Waktu itu, ia juga dituduh melarang santrinya melakukan hormat bendera karena menurut dia itu perbuatan syirik. Selain itu, ia dianggap merupakan bagian dari gerakan Hispran (Haji Ismail Pranoto)--salah satu tokoh Darul Islam/Tentara Islam Indonesia Jawa Tengah. Akibatnya, tahun 1982, Ba'asyir bersama Sungkar dijatuhi hukuman 9 tahun penjara oleh Pengadilan Negeri Sukoharjo dalam kasus penolakan terhadap asas tunggal.
Tahun 1982, status keduanya menjadi tahanan rumah, dan tahun 1985 mereka melarikan diri ke Malaysia. Tahun yang sama, keluar keputusan Mahkamah Agung Nomor 743 K/Pid/1985 tanggal 11/2/85 yang isinya menguatkan putusan pengadilan tingkat I, yakni hukuman pidana 9 tahun penjara potong masa tahanan.
Ba'asyir berada di Malaysia sampai tahun 1998. Ia mengajar agama di negeri jiran itu, sebelum kembali ke Indonesia tahun 1998. Dan tahun 2000, dalam Kongres Mujahidin I di Yogyakarta, ia terpilih menjadi salah satu pemimpin Majelis Mujahidin Indonesia.

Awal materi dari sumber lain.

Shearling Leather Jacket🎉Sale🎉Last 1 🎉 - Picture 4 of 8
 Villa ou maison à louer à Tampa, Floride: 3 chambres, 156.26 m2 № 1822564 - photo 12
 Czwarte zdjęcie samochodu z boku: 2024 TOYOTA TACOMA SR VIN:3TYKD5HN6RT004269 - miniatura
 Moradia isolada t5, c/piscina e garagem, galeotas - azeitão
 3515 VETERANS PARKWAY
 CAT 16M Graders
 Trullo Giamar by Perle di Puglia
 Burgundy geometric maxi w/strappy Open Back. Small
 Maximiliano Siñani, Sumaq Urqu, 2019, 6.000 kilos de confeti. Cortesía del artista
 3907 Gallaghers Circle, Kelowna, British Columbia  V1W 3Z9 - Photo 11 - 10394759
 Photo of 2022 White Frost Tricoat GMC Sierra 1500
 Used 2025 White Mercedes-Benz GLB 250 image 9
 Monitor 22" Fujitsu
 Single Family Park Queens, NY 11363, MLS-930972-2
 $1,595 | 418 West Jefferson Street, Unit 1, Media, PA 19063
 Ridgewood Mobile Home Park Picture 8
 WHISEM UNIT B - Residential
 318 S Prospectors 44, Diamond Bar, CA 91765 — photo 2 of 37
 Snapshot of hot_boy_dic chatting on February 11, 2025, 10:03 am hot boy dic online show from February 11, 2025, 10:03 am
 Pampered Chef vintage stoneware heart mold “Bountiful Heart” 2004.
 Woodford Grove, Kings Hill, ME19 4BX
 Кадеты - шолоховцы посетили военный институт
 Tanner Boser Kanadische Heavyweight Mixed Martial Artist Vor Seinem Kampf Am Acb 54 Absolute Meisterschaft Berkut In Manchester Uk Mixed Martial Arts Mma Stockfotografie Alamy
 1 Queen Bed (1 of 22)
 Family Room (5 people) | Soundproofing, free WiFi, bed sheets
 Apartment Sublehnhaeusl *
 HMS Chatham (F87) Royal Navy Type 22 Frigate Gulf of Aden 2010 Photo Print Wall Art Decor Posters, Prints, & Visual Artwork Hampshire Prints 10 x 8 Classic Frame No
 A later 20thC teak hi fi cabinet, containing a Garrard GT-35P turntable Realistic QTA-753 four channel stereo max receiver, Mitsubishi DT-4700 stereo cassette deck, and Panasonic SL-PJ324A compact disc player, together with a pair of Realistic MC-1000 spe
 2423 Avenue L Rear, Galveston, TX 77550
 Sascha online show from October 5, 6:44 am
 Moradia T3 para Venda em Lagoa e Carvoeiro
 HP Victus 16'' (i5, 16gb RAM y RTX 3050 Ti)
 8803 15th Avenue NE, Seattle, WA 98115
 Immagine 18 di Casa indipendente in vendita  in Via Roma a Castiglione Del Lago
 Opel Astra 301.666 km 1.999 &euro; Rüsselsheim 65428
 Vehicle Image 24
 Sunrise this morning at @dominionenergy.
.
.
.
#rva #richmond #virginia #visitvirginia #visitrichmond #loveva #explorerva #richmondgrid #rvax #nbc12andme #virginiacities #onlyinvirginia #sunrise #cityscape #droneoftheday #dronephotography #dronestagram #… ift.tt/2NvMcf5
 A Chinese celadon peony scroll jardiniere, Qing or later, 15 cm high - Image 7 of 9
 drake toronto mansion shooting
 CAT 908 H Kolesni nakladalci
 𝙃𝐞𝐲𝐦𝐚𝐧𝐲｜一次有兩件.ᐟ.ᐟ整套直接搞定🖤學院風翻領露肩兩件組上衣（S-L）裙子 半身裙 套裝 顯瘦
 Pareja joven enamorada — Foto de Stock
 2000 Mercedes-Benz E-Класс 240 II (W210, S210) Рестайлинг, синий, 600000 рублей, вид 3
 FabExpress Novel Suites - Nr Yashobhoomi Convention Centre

Tahun 2002, Ba'asyir diperiksa lagi oleh Mabes Polri soal keterlibatannya dalam kelompok 13 tokoh Islam radikal yang ditangkap di Malaysia. Selanjutnya, 18 April 2002 ustad Ba'asyir menolak eksekusi atas Putusan MA untuk menjalani hukuman 9 tahun penjara.
Pada 19 April 2002, Abu Bakar Ba'asyir berniat meminta perlindungan hukum kepada pemerintah kalau tetap dipaksa menjalani hukuman sesuai putusan kasasi Mahkamah Agung (MA) tahun 1985. Sebab, dasar hukum untuk penghukuman Ba'asyir, yakni Undang-Undang Nomor 11/PNPS/1963 mengenai Pemberantasan Tindak Pidana Subversi kini tak berlaku lagi dan pemerintah pun sudah memberi amnesti serta abolisi kepada tahanan dan narapidana politik (tapol/napol).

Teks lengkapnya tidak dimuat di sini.